Under the general requirements of the AODA, all public sector organizations must make new self-service kiosks accessible. Moreover, private sector organizations should also take accessibility into account when they design, procure, or acquire new kiosks. Accessible self-service kiosks allow organizations to serve more customers.
What are accessible self-service kiosks?
Self-service kiosks are electronic terminals that users can interact with. Customers or clients can use them to access products or services without staff assistance.

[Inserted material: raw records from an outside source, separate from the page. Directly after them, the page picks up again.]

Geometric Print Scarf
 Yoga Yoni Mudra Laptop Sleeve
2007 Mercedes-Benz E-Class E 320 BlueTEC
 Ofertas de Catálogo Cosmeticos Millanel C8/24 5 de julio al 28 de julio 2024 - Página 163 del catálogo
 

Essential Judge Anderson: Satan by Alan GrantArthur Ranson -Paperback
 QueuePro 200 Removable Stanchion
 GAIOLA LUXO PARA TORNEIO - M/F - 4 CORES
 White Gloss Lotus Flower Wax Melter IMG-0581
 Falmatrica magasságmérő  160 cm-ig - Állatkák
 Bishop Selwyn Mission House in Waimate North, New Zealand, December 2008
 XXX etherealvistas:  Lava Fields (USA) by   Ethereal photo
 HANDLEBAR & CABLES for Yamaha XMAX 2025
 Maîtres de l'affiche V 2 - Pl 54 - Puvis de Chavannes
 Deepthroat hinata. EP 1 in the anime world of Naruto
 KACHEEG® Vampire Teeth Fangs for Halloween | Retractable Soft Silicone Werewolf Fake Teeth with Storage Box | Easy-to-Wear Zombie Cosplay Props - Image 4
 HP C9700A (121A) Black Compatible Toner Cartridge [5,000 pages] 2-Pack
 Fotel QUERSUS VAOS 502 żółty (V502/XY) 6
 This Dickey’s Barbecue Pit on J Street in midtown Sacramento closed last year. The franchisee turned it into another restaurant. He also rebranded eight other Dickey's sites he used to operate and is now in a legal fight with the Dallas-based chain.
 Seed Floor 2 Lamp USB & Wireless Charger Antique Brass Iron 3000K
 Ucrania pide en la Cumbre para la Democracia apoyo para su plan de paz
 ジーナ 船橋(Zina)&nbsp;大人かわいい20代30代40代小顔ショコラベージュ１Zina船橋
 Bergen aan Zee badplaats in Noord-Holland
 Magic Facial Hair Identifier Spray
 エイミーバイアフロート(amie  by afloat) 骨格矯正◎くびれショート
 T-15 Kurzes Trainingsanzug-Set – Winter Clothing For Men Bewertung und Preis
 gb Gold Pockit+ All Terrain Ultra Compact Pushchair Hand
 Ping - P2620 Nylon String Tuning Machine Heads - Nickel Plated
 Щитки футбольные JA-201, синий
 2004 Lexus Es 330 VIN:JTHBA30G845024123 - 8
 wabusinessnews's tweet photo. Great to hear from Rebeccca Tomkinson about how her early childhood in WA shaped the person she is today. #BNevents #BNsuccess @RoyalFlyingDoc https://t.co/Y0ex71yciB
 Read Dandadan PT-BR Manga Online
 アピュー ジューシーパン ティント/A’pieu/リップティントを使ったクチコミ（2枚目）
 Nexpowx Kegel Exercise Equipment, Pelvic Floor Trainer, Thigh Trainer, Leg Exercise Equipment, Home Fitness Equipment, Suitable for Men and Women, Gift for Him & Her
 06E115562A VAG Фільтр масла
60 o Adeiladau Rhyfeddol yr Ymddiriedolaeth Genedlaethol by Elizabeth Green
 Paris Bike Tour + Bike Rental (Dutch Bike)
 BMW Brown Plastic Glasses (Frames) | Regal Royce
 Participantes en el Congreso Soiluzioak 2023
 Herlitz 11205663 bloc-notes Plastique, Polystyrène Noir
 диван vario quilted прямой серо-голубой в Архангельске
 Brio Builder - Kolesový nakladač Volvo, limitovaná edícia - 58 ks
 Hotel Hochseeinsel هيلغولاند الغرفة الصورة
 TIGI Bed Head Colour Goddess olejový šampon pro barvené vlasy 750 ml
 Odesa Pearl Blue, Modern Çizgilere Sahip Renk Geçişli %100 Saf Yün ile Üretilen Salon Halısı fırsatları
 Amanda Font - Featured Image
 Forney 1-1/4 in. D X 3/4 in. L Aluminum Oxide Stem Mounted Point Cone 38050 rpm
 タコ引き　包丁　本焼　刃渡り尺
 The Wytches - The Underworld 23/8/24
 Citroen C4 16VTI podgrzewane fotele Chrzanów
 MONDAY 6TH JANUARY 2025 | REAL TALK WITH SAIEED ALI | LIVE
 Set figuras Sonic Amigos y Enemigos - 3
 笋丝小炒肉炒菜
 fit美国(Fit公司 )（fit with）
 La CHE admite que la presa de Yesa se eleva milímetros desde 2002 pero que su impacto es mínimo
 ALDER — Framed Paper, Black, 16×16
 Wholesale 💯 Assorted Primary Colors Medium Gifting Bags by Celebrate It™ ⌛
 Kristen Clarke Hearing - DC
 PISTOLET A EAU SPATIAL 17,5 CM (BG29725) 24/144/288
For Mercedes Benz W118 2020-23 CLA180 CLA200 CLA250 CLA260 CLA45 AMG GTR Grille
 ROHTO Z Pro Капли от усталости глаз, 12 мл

For instance, people now use self-service kiosks to:
- Check out at stores
- Order food at restaurants
- Buy tickets at theatres
- Check in at airports
- Print ID cards in government offices
- Withdraw money from bank accounts
Technical Features of Accessible Self-Service Kiosks
Self-service kiosks should have technical features so that everyone can use them on their own. For instance, good colour contrast on display screens makes kiosks accessible for people with visual impairments. Similarly, audio output allows people with print disabilities to hear the instructions on the screen. Likewise, speech input gives people the chance to operate kiosks by voice. Furthermore, accessible kiosks should allow extra time for people to complete tasks. This feature benefits people with various disabilities who may need more time to process and respond to the kiosk’s instructions.
Structural Features of Accessible Self-Service Kiosks
Self-service kiosks should also have accessible structural features. For example, kiosks should be at a height customers can reach using assistive devices, such as wheelchairs or scooters. In addition, kiosks should be stable. Finally, kiosks should have tactile keyboards, as well as headphone jacks and volume controls. These features allow people using a kiosk’s speech output to do business quietly and confidentially.
More and more businesses now offer self-service kiosks as an extra service option for customers or clients. However, this service option is not always open to everyone. Many customers or clients cannot use these new devices. Instead, they must continue to rely on staff to serve them, even when less staff members are working. Businesses designing or purchasing new kiosks should make sure that all customers or clients can use them.